Как было нести все это в получающие образование народные массы, переступая через железобетонные лозунги кремлевских мужей? Вряд ли тогда стояла такая проблема: Крупская и соратницы создавали новый женский мир, отлично приспосабливаясь к мужским лозунгам и предназначениям.
«Для классовых задач рабочего класса, — писала Коллонтай, — совершенно безразлично, принимает ли любовь форму длительного и оформленного союза или выражается в виде проходящей связи».
Это она, умница, красавица, изящная и тонкая, словно статуэтка севрского фарфора, барыня, ушедшая в революцию, не сумела применить свою теорию на практике, полюбила человека моложе себя на семнадцать лет, а его измену переживала, как «буржуазная женщина»: тяжело, бурно, забыв про «стакан воды».
Но на первых порах идеи «свободной любви», ярко высказанные Коллонтай в статье «Дорогу крылатому эросу», разволновали нравственную Надежду Константиновну.

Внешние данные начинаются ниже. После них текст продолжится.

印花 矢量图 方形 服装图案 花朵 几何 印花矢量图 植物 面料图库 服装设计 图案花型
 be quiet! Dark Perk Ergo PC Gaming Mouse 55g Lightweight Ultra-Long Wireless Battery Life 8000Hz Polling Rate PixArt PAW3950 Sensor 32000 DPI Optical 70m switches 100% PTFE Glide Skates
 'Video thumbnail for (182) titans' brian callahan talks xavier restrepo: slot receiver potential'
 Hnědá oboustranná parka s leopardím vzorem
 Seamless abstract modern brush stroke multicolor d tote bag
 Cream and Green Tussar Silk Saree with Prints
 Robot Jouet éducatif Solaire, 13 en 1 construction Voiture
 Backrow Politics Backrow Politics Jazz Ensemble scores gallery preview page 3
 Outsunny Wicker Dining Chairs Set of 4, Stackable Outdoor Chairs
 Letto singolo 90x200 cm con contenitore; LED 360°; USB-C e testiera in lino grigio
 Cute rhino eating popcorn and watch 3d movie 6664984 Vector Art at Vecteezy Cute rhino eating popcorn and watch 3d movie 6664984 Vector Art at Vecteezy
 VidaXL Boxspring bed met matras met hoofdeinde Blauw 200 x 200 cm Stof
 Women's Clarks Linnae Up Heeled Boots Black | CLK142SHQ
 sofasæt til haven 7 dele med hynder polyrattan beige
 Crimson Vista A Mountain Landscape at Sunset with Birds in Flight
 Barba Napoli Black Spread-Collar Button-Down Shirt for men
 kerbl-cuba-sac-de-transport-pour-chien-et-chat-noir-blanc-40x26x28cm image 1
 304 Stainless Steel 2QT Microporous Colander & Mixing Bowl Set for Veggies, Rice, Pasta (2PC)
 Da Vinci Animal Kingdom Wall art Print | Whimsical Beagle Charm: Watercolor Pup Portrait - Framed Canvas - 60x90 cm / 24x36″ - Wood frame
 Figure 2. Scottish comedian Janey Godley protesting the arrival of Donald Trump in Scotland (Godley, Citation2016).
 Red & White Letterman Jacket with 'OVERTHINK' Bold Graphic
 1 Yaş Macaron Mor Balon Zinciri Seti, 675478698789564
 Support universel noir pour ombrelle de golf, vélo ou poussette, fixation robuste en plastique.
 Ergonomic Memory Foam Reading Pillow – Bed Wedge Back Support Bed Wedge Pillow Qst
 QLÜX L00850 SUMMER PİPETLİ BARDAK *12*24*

Она дала отпор Александре Михайловне Коллонтай в статье «Брачное и семейное право», написав: «Единобрачие является наиболее нормальной формой брака, наиболее соответствующей природе человека».
Крупская и Коллонтай. Жена и гетера. Два полюса женского правления. Обе подчинили себя идеологии.
Женский вопрос встал перед новой властью не случайно. Большевики покончили с войной, преодолев разруху, ликвидировали безграмотность, наконец, ввели новую экономическую политику, в недрах которой и расцвели цветы зла: реминисценции нежных чувств, знойных отношений, жгучих страстей. Чуть только вздохнул народ, как полезло наружу все естественное, обыденное, жалкое в своих конечных целях и великое в изначальности.
Но большевики были начеку. Их мыслители сразу учуяли, откуда дует ветер: общечеловеческое, рассматриваемое как старая буржуазная идеология, грозило захлестнуть железные ростки большевистских идей.